Friedman informa que "Umm Qsar foi a primeira cidade libertada pelas forças da coalizão. Mas, após 20 dias de guerra, continua sem água corrente, segurança ou suprimento adequado de alimentos […] ninguém está aplaudindo de pé as tropas norte-americanas" como era esperado. Não há hostilidade, conta, mas "começamos [a invasão] esperando aplausos, e agora estamos satisfeitos por não haver hostilidade aberta", afirma, espantado. Curiosamente, informa que parte do problema se deve aos aliados ingleses visto que "aqui no sul […] as tropas britânicas ainda não completaram a conquista de Basra, o centro regional. Sem acesso livre a Basra, toda a economia do sul está paralisada".
Nós em primeiro lugar
Concluindo, afirma: "Os Estados Unidos dominaram o Iraque, e por isso agora os Estados Unidos possuem o Iraque, e detêm a responsabilidade primária por normalizá-lo. Se a água não fluir, se a comida não chegar, se a chuva não vier, se o Sol não brilhar, agora a culpa é dos Estados Unidos. É melhor que nos acostumemos a isso, e é melhor que ajamos direito, e é melhor que obtenhamos toda a ajuda que pudermos".
Fisk, em suas reportagens, mostra o que está acontecendo, traduz sofrimentos, deixa claro o horror de uma guerra, expõe suas dúvidas, medos, mas tem em mente que o seu objetivo é servir aos leitores, sejam eles ingleses, franceses, brasileiros, indianos.
Friedman serve à parte do povo norte-americano que apóia esta invasão e à atual administração dos EUA. Procura atender as expectativas, as exigências ? comerciais, ideológicas, políticas, empresariais etc. ? do patriotismo ianque nesta invasão.
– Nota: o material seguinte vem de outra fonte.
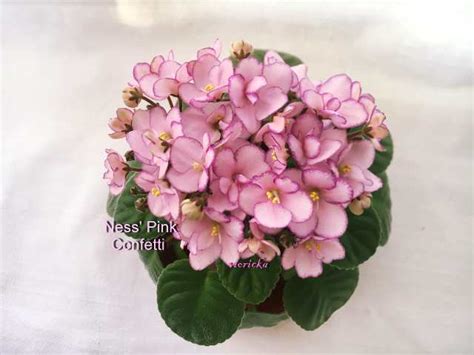 Фиалка Ness’Pink Confetti
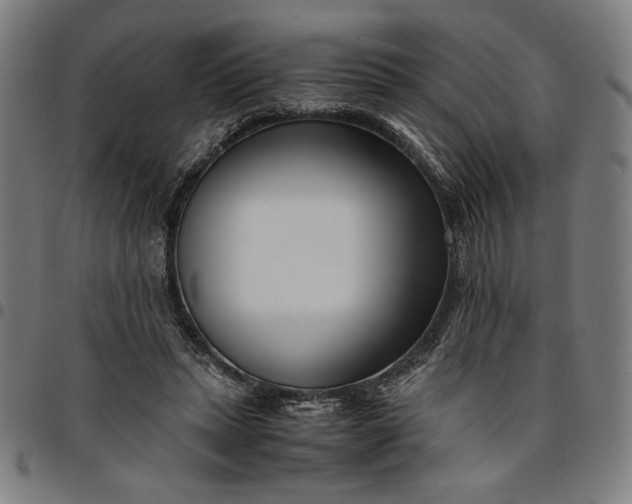 X0000094970447200712131458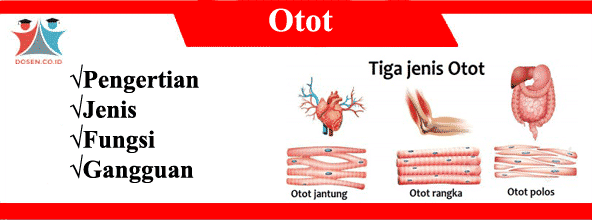 Detail Gambar Otot Dan Fungsinya Nomer 53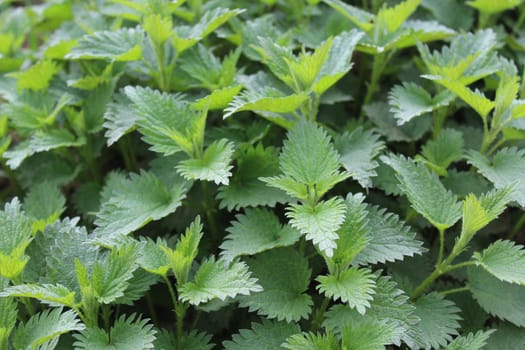 The picture shows many stinging nettles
Como jornalista, sai-se muito bem como propagandista. Ou então os norte-americanos estão desenvolvendo uma nova forma de se fazer jornalismo. Nada de informação. É preciso estar junto, torcer para o mesmo time, não "remar contra a maré", não ter postura crítica ? talvez só um pouquinho. Somos NÓS que estamos nessa guerra. NÓS, o povo ianque, os soldados, o governo que precisamos nos defender de qualquer ataque da mídia estrangeira ou qualquer outra coisa. Os Estados Unidos acima de tudo!
Já vi e ouvi isso em algum lugar! E não deu certo.
Em suma, estamos presenciando um estilo de jornalismo totalmente contrário a tudo o que se aprende e se faz na mídia responsável, ética e profissional. Um jornalismo totalitário, contrário ao conceito de democracia, conceito este que "justificou" essa invasão ao Iraque, que respaldou o desrespeito às leis internacionais, à ONU, ao Conselho de Segurança e a todos países e pessoas que se opuseram a esta guerra.
Para o jornalismo ianque de hoje, o NÓS vem em primeiro lugar. Depois, os fatos.